Il avait par le passé laissé entendre que son pays était prêt à débourser trois milliards d’euros.

L’Élysée a confirmé à des journalistes avoir bon "espoir" que les négociations avec le groupe Dassault aboutissent à l’occasion de la visite du président français.

La question est sensible: Belgrade, qui espère adhérer un jour à l’Union européenne, maintient des relations avec Moscou malgré l’invasion de l’Ukraine et n’a pas imposé de sanctions à la Russie depuis le début de la guerre en 2022.

Auprès de l’AFP, le président Vucic a plaidé que la quasi-totalité des "avions intercepteurs" serbes et "l’ensemble" des "avions de combat venaient de Russie". "Nous devons évoluer, changer nos habitudes et tout le reste afin de préparer notre armée", a-t-il déclaré.

La France met aussi cet argument en avant, évoquant une logique "d’arrimage de la Serbie à l’Union européenne", à laquelle elle est candidate. Belgrade peut faire le "choix stratégique" de "coopérer avec un pays européen" pour renouveler sa flotte, plaide-t-on à Paris.

"S’éloigner ainsi de la Russie" pour le renouvellement de ses avions, "cela a un poids politique aujourd’hui", confirme Milan Igrutinovic, chercheur auprès de l’Institute for European Studies à Belgrade.

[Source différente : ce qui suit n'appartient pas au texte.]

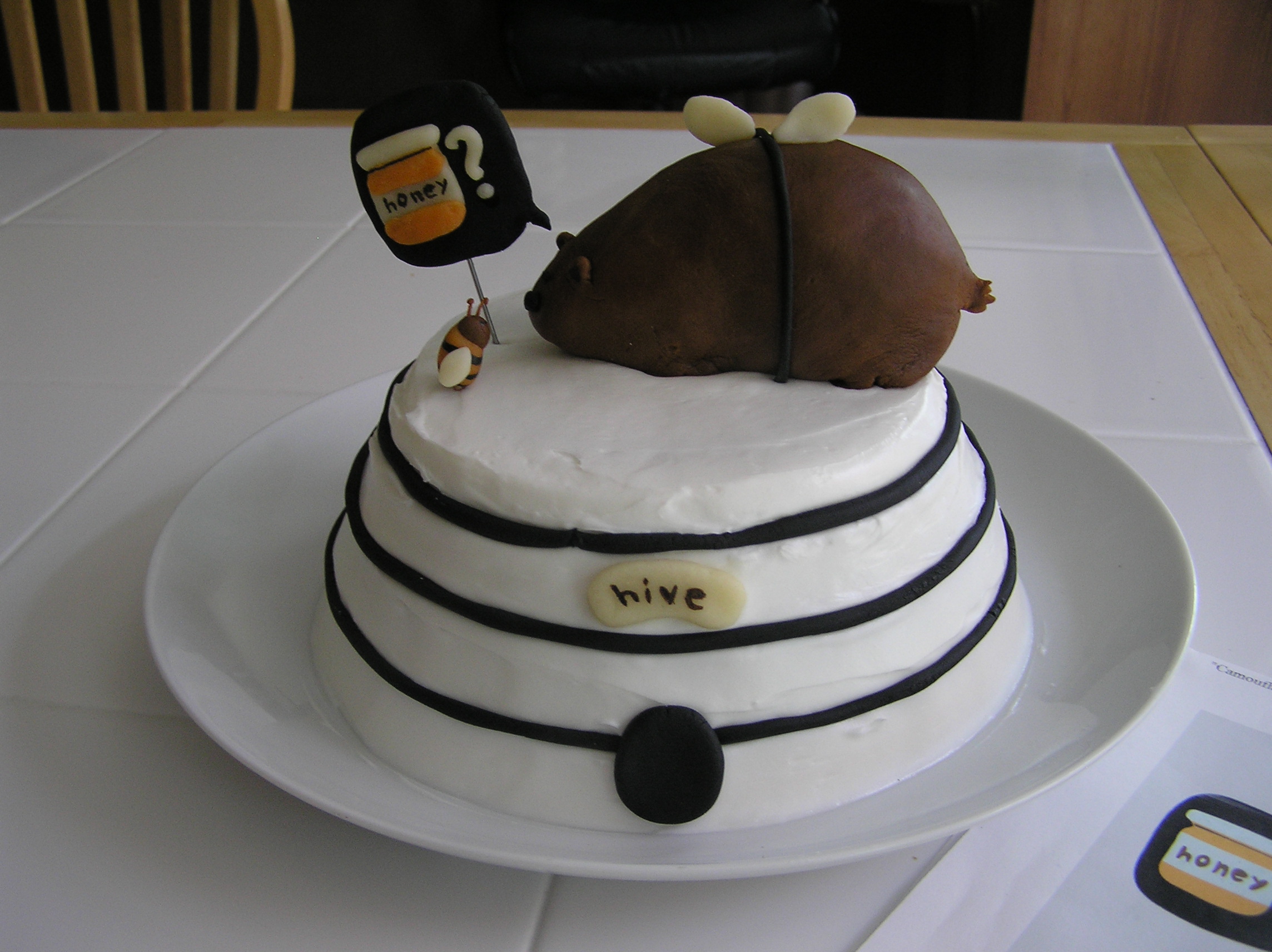 Camouflage cake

"Consolider l’État de droit"

Pour Vuk Vuksanovic, du Centre for Security Policy, autre cercle de réflexion de la capitale serbe, "Vucic cherche une solution pour remplacer ses Migs vieillissants".

"S’il n’en trouve pas, la Croatie voisine, avec ses propres Rafale, aura une supériorité aérienne dans les Balkans occidentaux. Et l’ego de Vucic ne peut pas accepter cela", explique-t-il. "De plus, il pense qu’en achetant ces Rafale, qui sont un produit extrêmement coûteux de l’industrie française de l’armement, il achètera la protection politique et les faveurs du président Macron."

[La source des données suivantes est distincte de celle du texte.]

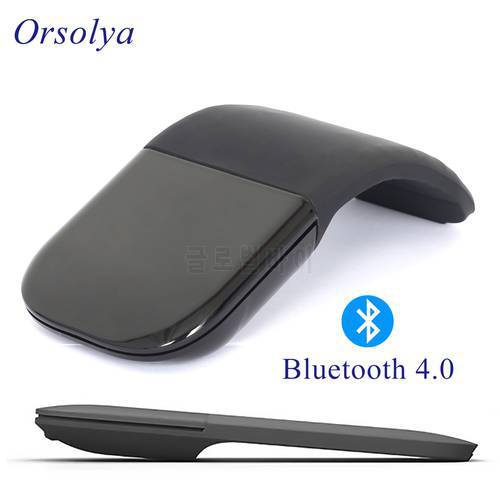 Bluetooth Arc Touch Mouse Portable Wireless Foldable Mouse Less Noise Slim Mini Computer Optical Mice for Laptop Tablet Mac iPad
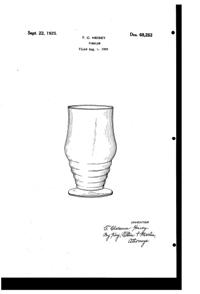 Heisey #3480 Koors Footed Tumbler Design Patent D 68252-1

Les deux pays n’ont pas évoqué de contreparties à la transaction.

La France soutient officiellement le processus d’adhésion de la Serbie à l’UE, défendu de longue date par Aleksandar Vucic malgré les préoccupations qui s’expriment au sein de la population.

Huit mois après les élections législatives entachées de fraudes selon l’OCDE et le Parlement européen, remportées par le parti présidentiel, l’Élysée estime que ce processus d’adhésion doit pousser Belgrade à "consolider l’État de droit" et "le cadre démocratique qui doit être le sien".

Emmanuel Macron doit aussi prôner sur place la "normalisation des relations avec le Kosovo", "partie intégrante" de ce "rapprochement" avec les Vingt-Sept.

Depuis l’indépendance du Kosovo en 2008, que la Serbie n’a jamais reconnue contrairement à de nombreux pays occidentaux, les tentatives d’apaisement et de dialogue ont toutes échoué.

Le président français est attendu en fin d’après-midi à Belgrade, où il s’entretiendra immédiatement avec son homologue.

Une conférence de presse conjointe sera précédée de la signature d’accords. Outre les Rafale, des "discussions préliminaires et exploratoires" sont engagées avec l’électricien français EDF sur le nucléaire civil et des coopérations nouvelles sont envisagées sur l’énergie hydroélectrique, le traitement des eaux usées ou encore la santé.

Le lendemain, les deux hommes se rendront à Novi Sad, deuxième ville du pays, pour une étape culturelle, avec la visite de la galerie Matica Srpska et un échange sur l’intelligence artificielle.